His second chapter was on the distribution of the material in the synoptics. From what I could see he had two basic main points. My guess is that they will be very important in his argument later in the book. The first is that the double traditions of Matthew and Luke rarely share contexts. In the triple tradition of Matthew, Mark, and Luke, this is not usually the case because they generally seem to follow the order of Mark. However, because they do not follow the same order this argues both against one using the other and both using the same secondary source for their overlapping double tradition material (Q).
His second point, which he did not develop in any detail, is that the data in the triple tradition material also points away from literary dependence because of what he called a "zigzag" pattern in the material. In the same pericope some clauses will agree between Matthew and Mark, in others between Mark and Luke, and others between Matthew and Luke. To Reicke, the constant interweaving of this pattern argues for literary independence.

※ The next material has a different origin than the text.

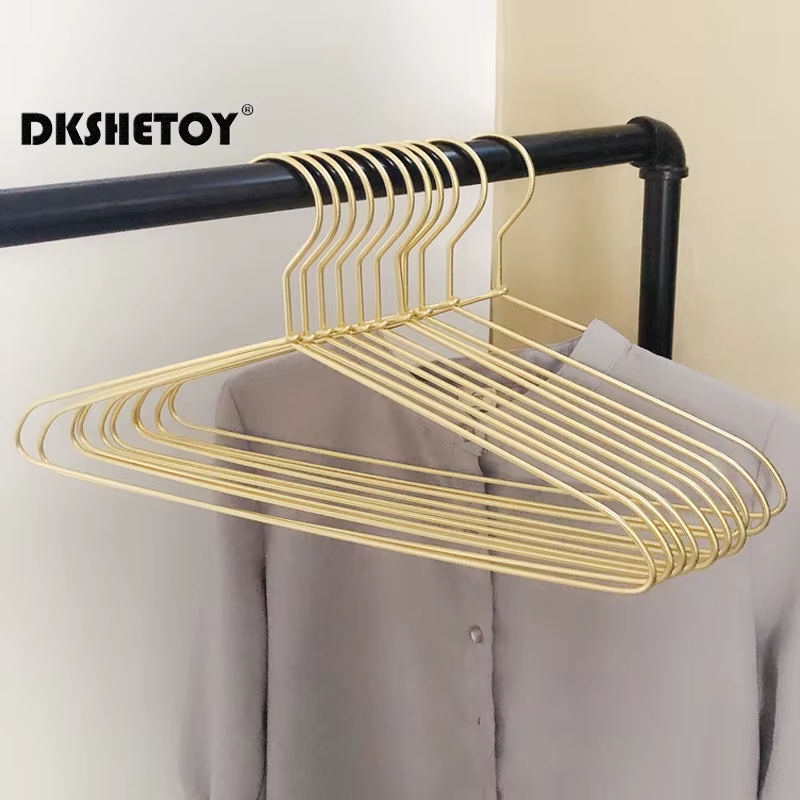 Cintres en métal délicat, argent, or, léger et robuste, pour suspendre des chemises, des T-Shirts et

My initial thought on both is that they both are valid hypotheses. They actually make quite a bit of sense; but will they stand up to the actual data? That question will have to wait for now! I must say that I am getting a great deal more out of this material than the last I read on an independence theory.
It is interesting that he is still using "Q" to denote the overlap of Matthew and Luke without Mark though he denies the existence of a Logia saying source of any kind. Apparently he likes the shorthand.